An opposition-boycotted referendum to change Ivory Coast's constitution has easily passed, electoral officials said Tuesday, but opponents swiftly dismissed the vote as fraudulent.
President Alassane Ouattara said the changes were necessary to help end years of instability linked to disputes over national identity while critics labelled the vote an attempt to line up a successor for when his term ends in 2020.
The "Yes" camp won 93 percent of votes cast in Sunday's constitutional referendum, but most eligible voters stayed at home, following the opposition call to boycott, with the official turnout rate put at just over 42 percent.
An opposition leader quickly dismissed the official results as "fake".
The package, put to the country's 6.3 million voters, also includes creating a post of vice president as well as a senate, a third of whom would be appointed by the head of state.
The measures have alarmed opposition leaders and prompted accusations that Ouattara is trying to instal a sympathetic successor.
"More than 90 percent... of Ivorians have understood the need to turn the page on our shameful ways," Joel N'Guessan Joel N'Guessan, spokesman for Ouattara's Rally of Republicans Party (RDR), told AFP.
The 42 percent turnout rate was "honourable," he added.
But Pascal Affi Nguessan, head of the opposition Ivorian Popular Front (FPI), said the election results were "obviously faked".
The official numbers "do not match reality. We all witnessed an electoral desert (on Sunday)," he added, referring to the turnout.
He spoke of cases of "corruption and ballot-stuffing", insisting that the real turnout rate was no higher than 10 percent.
"The coming battle" is to mobilise support for parliamentary elections, at a date yet to be fixed, in order to overturn the new constitution, he told AFP.
- American influences -
The constitutional changes notably get rid of a contested clause on national identity that took effect in 2000 and stipulated that both parents of a presidential candidate must be born on Ivorian soil and not have sought nationality in another country.
The issue has contributed to years of unrest in the world's top cocoa producer.

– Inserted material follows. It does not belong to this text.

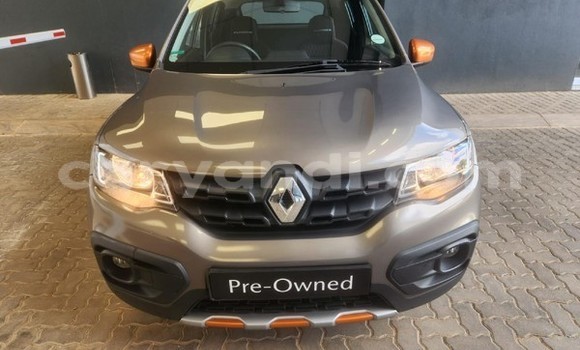 Buy Used Renault KWID Silver Car in Lusaka in Zambia Buy Used Renault KWID Silver Car in Lusaka in Zambia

Violent episodes in the West African country include a coup in 1999, a civil war in 2002 that split the nation between its north and south and a bloody post-election crisis in 2010.
The most recent eruption led to months of post-poll bloodshed with then-president Laurent Gbagbo refusing to step down.
Some 3,000 people died and Gbagbo is now on trial in The Hague for war crimes and crimes against humanity.
Ouattara, 74, hails from central Ivory Coast but his father was born in neighbouring Burkina Faso and the issue of "Ivorian-ness" raised a hurdle in his bid for the presidency.
He eventually overcame this obstacle through a decree Gbagbo was pressured to sign by the international community.
The Ivorian parliament had already approved the new constitution. The government claims that the introduction of a vice president is to ensure continuity if the head of state dies or is incapacitated.
The new constitution's design bears American influences, perhaps a reflection of Outtara's years studying in Pennsylvania: a strong executive, a senate, fixed election dates and a vice president.
A former top official at the International Monetary Fund (IMF) and Central Bank of West African States (BCEAO), Ouattara is credited with making good use of his contacts to pump investment into the war-scarred economy since taking office in 2011.
After a decade of unrest and a civil war that saw the once prosperous former French colony split in two, Ouattara has overseen major infrastructure works including new roads, bridges and dams.